Exercise instructions:
Transcribe, exactly and without pictures, the lines below from the line with "Wd Blue Sn5000, Wds500g4b0e, 500gb, 5000/4000, Gen4, Nvme" to the line with "Model Set Leopard 2A7A1", both ends included, and no others.
### Data listing
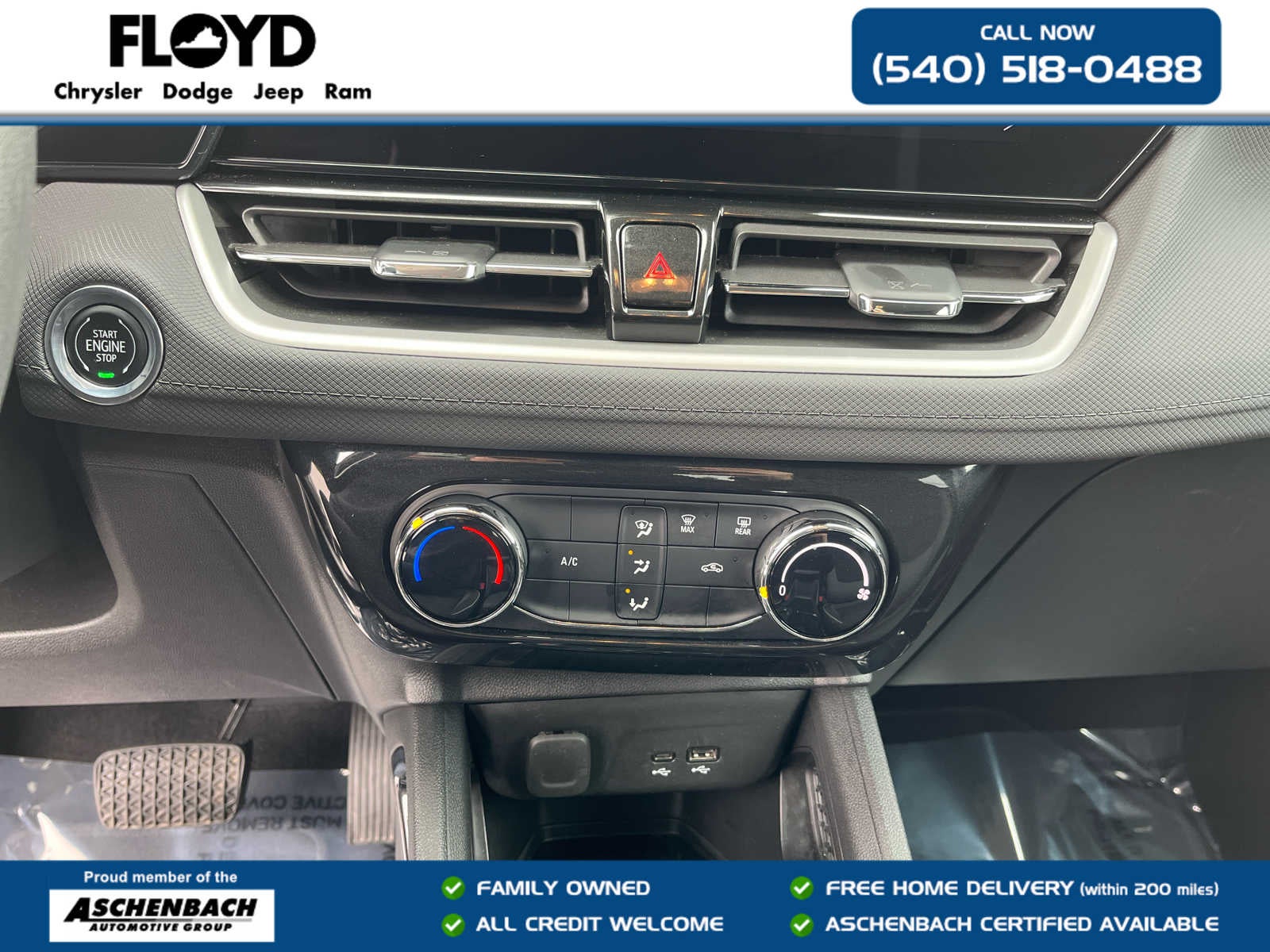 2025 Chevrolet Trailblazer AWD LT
######
### Data listing
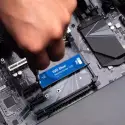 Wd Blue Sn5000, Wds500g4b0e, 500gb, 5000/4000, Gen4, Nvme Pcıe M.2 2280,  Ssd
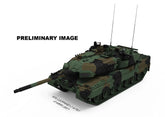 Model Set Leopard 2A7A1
######
### Data listing
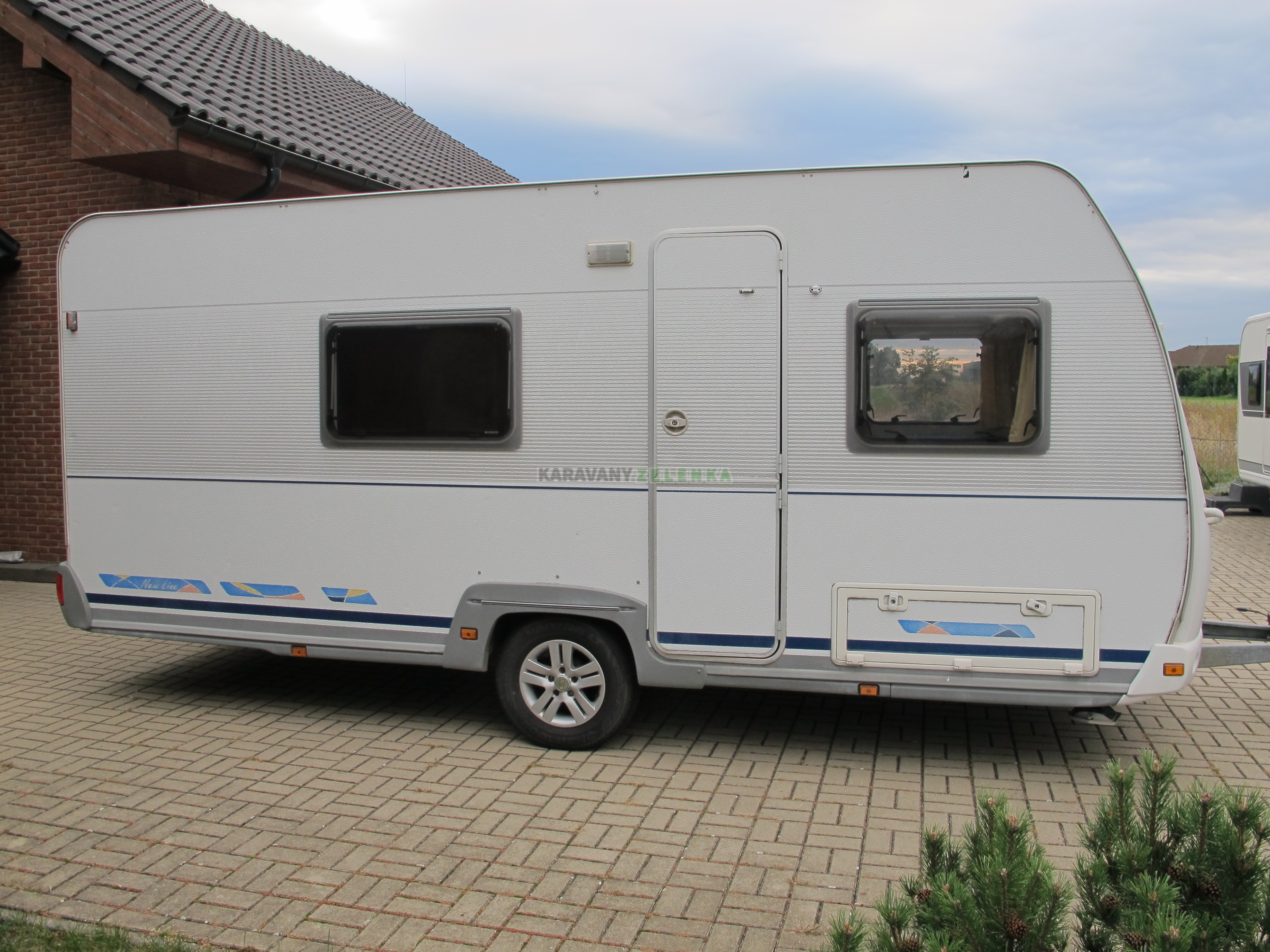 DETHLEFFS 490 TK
######
Problem solution:
 Wd Blue Sn5000, Wds500g4b0e, 500gb, 5000/4000, Gen4, Nvme Pcıe M.2 2280,  Ssd
 Model Set Leopard 2A7A1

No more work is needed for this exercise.